A few weeks ago I went to an ATI technology briefing for their X800 product. I asked Daniel Taranovsky, who was presenting the technical info, about the X800's power requirements - it only has a single molex 12V connector. Apparently the card will run fine without the extra power connected, unlike the R9700/R9800 which will refuse to boot. Only when you really stress the card does it need the connector. Obviously you're going to leave it plugged in all the time, but it's an indicator of the efficiency of the new GPU.

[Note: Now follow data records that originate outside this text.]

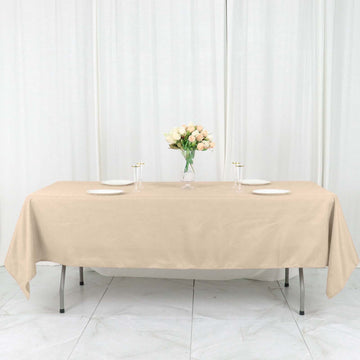 Nude Seamless Polyester Rectangular Tablecloth 60"x102"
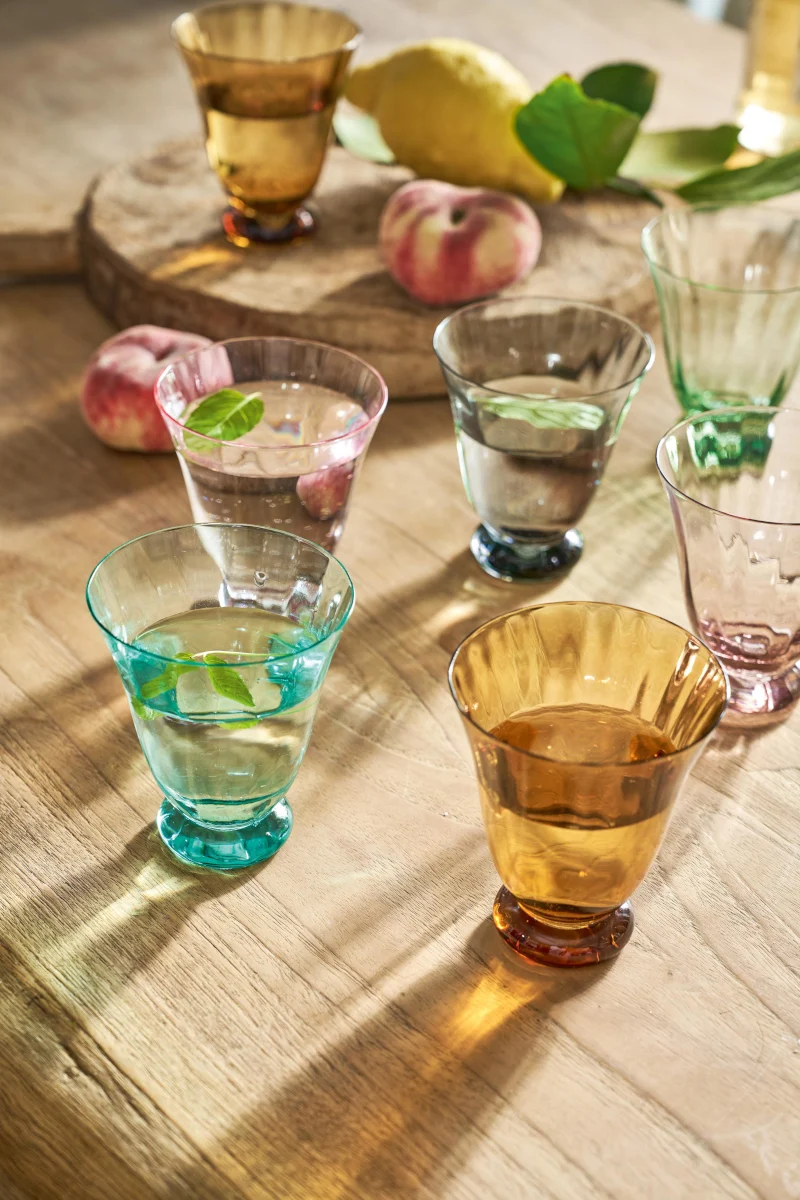 PIP STUDIO Tulip Green Wasserglas grün 0,28l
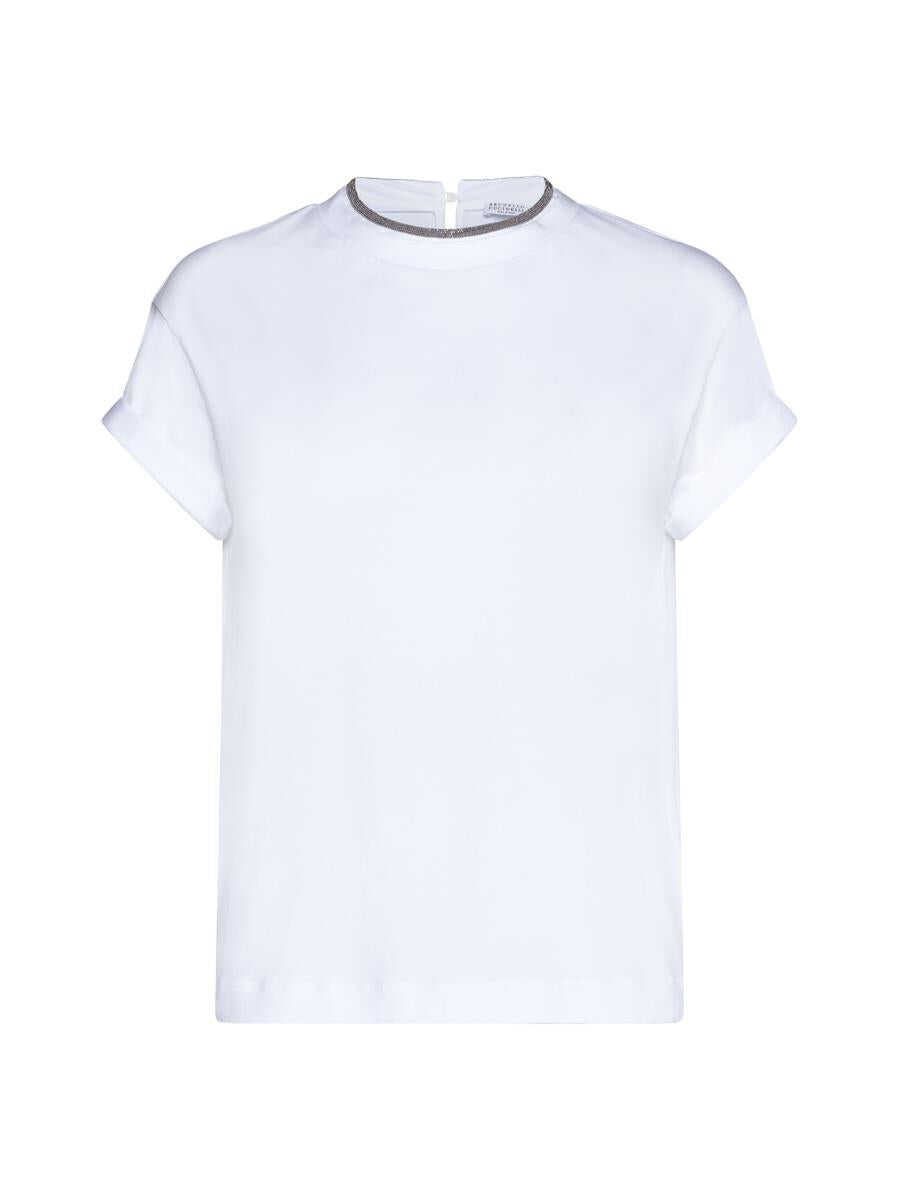 Brunello Cucinelli Brunello Cucinelli T-shirts and Polos WHITE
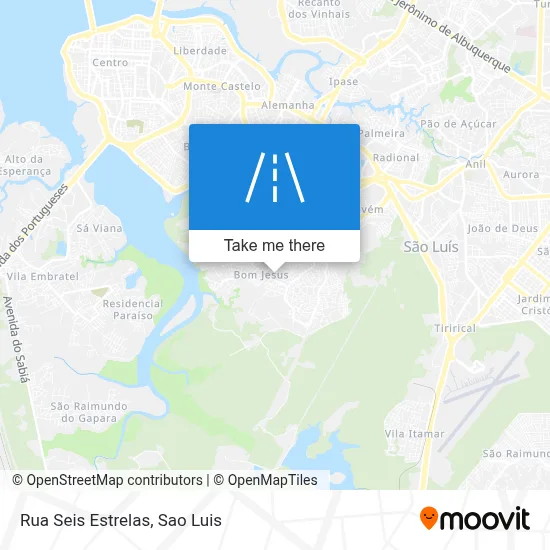 Rua Seis Estrelas map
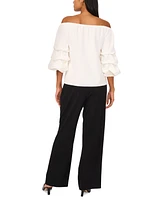 Msk Women's Off-The-Shoulder Embellished-Sleeve Top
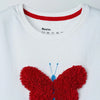Butterfly Embroidered Tshirt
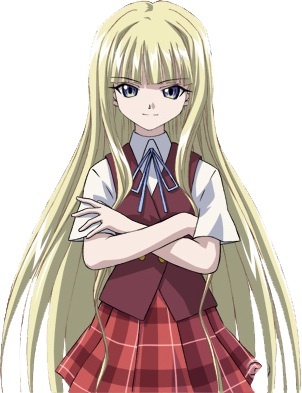  Evangeline from Negima!? She is a mage as well as a vampire but later on became good including helping her teacher Negi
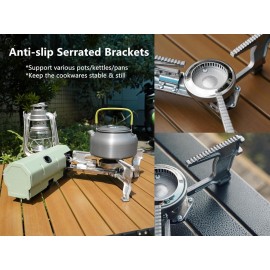 ONLYFIRE Foldable Camping Butane Stove, Portable Camping Stove Outdoor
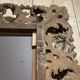 Miroir Italien 19ème en bois et plâtre doré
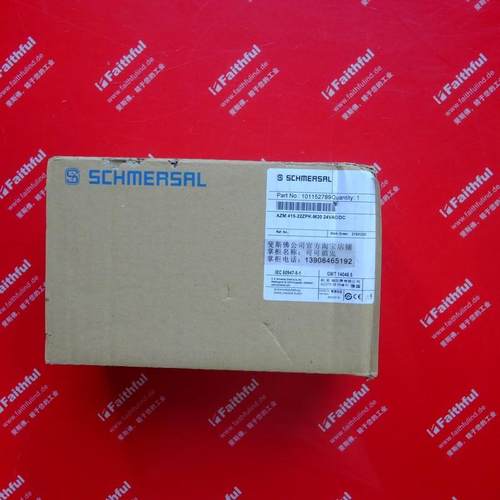 Schmersal 101152789 施迈赛全新安全开关 AZM 415-22ZPK-M20询价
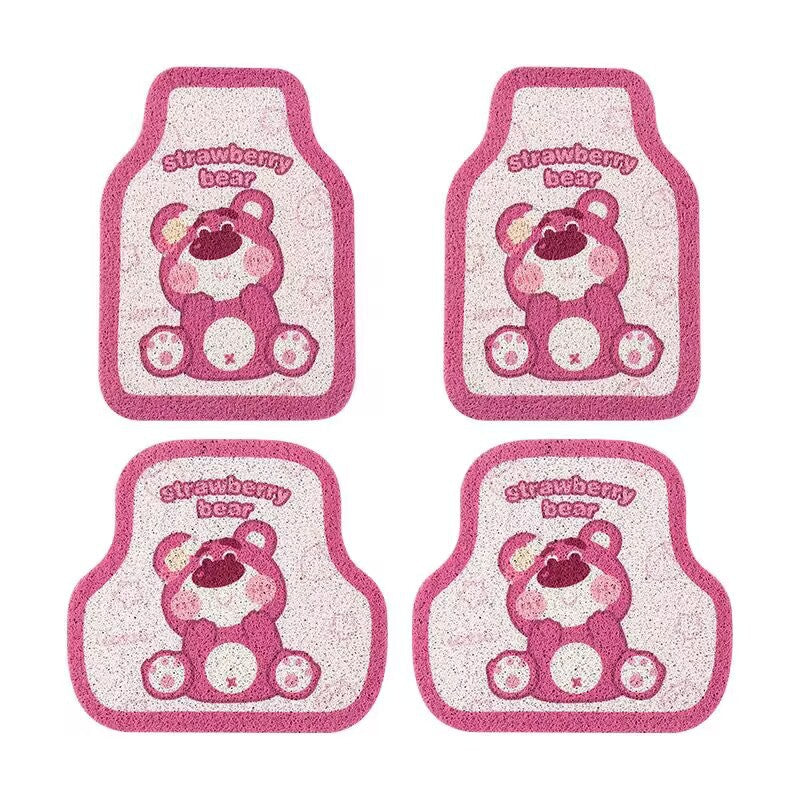 Cute Lotso Bear Universal Non-Slip Car Floor Mats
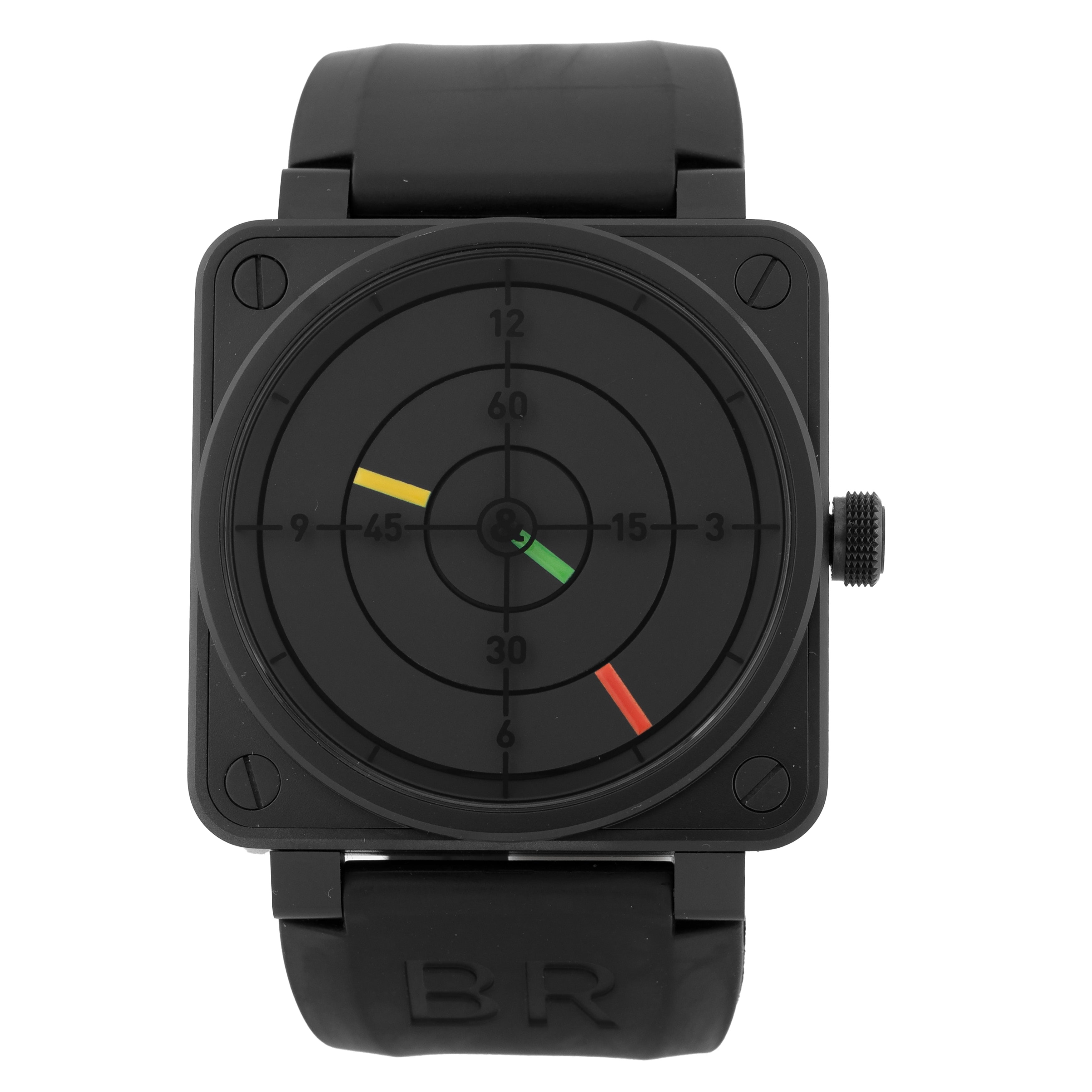 Bell & Ross BR01-92 Radar Stainless Steel Black Dial 46mm BR01-92 Radar Full Set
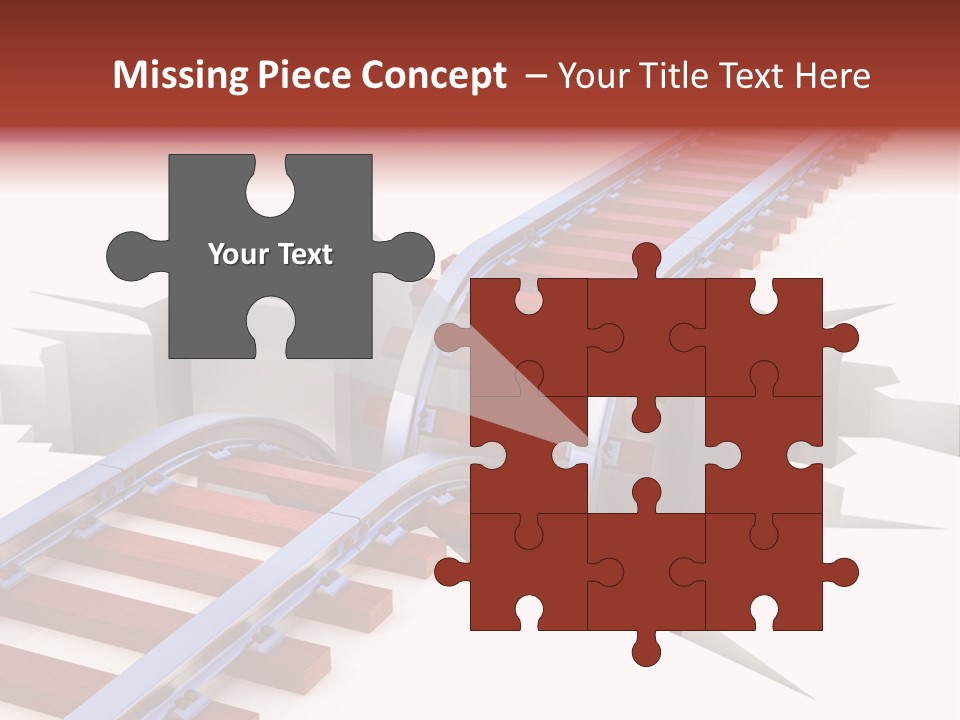 Danger Road Rail PowerPoint Template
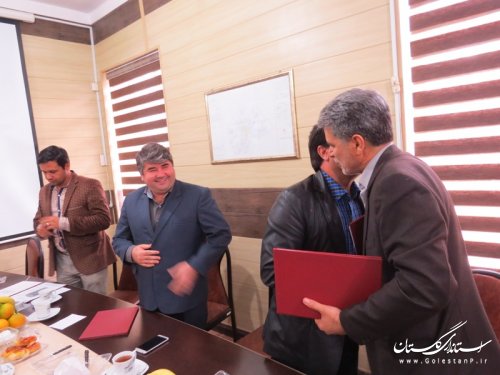 امضاء تفاهم نامه همکاری اداره کل میراث فرهنگی در شهرستان آق قلا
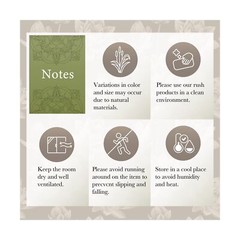 FULI Japanese Tatami Yoga Mat, Igusa Mat, Non Slip Exercise & Fitness Mats, P…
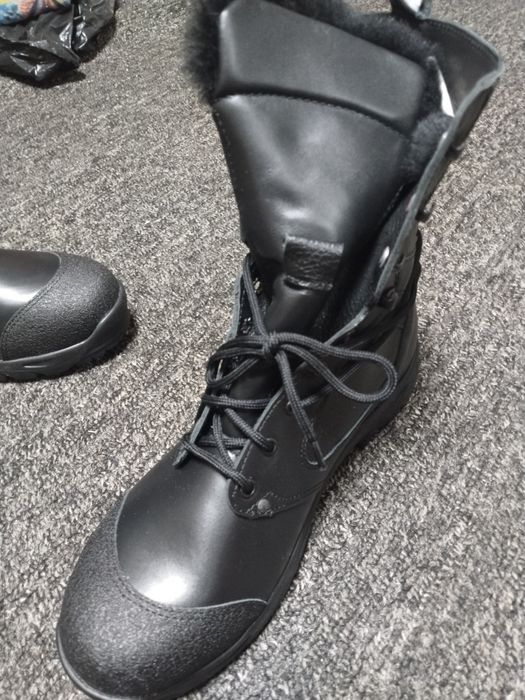 Берцы зима кожаные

One other thing I mentioned to Daniel was the possibility of using the GPU's power to supplement the CPU. I remember a couple of years ago there was some talk of a Linux driver for this - I don't know what stage of development it's up to now - but I explained how it seems silly to have a powerful GPU sitting idle on the graphics card while, for example, the CPU is working to the limit in an excel spreadsheet or similar. Having worked in financial IT for a few years, I've seen certain financial models that took literally hours to calculate. Imagine if you could hand some of the work over to your video card processor. You could see the benefits for Folding@HOME or even shorter-timeframe tasks like compression or encryption. Daniel was very interested in this idea and didn't think it would be particularly hard to implement. Should we be keeping an eye out for this feature in a future Windows driver?


the top end gpu's are just as powerful as some cpu's and we pay a lot of money for them to only work hard when we play games. So i think this would be a good feature.